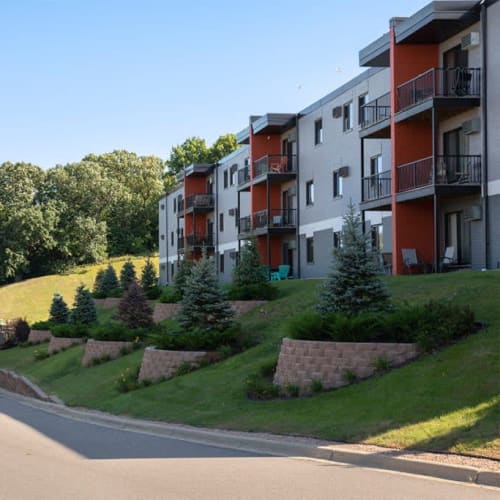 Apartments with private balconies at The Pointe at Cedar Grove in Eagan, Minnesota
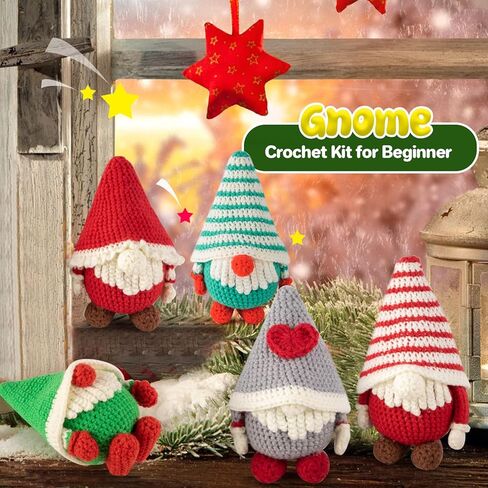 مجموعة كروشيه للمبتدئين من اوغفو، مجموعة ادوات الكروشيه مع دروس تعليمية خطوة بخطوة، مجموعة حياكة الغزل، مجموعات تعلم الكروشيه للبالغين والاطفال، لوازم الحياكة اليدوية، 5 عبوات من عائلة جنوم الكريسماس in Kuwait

...

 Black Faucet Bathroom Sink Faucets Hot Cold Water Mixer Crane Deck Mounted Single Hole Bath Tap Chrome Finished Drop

* * *

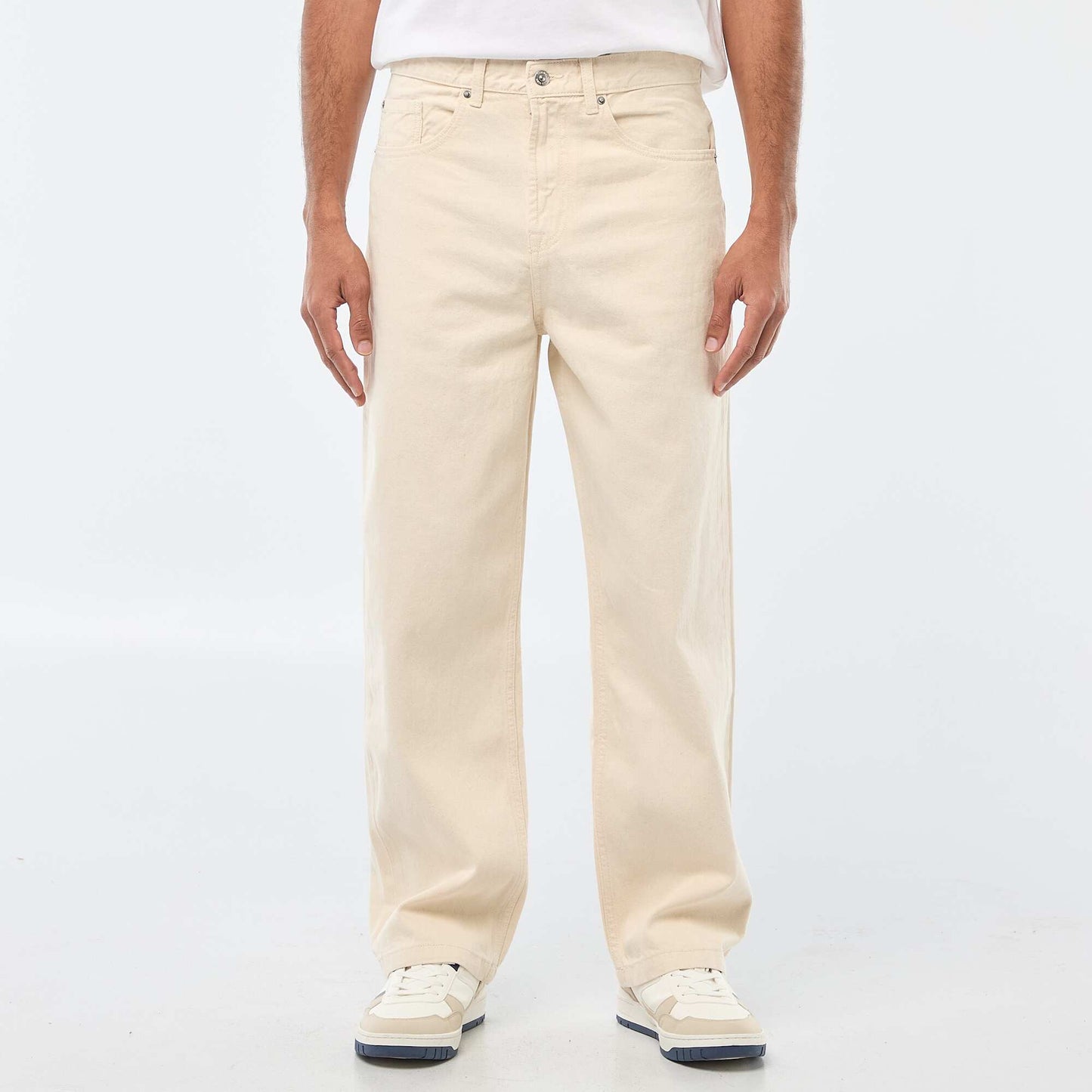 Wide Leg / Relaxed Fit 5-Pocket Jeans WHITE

> _PROBLEM STATEMENT_
Give back, exactly and without pictures, the stretch of the records above from the line containing "Apartments with private" through the line containing "مجموعة كروشيه للمبتدئين", with both end lines included.

> _TASK OUTPUT_
 Apartments with private balconies at The Pointe at Cedar Grove in Eagan, Minnesota
 مجموعة كروشيه للمبتدئين من اوغفو، مجموعة ادوات الكروشيه مع دروس تعليمية خطوة بخطوة، مجموعة حياكة الغزل، مجموعات تعلم الكروشيه للبالغين والاطفال، لوازم الحياكة اليدوية، 5 عبوات من عائلة جنوم الكريسماس in Kuwait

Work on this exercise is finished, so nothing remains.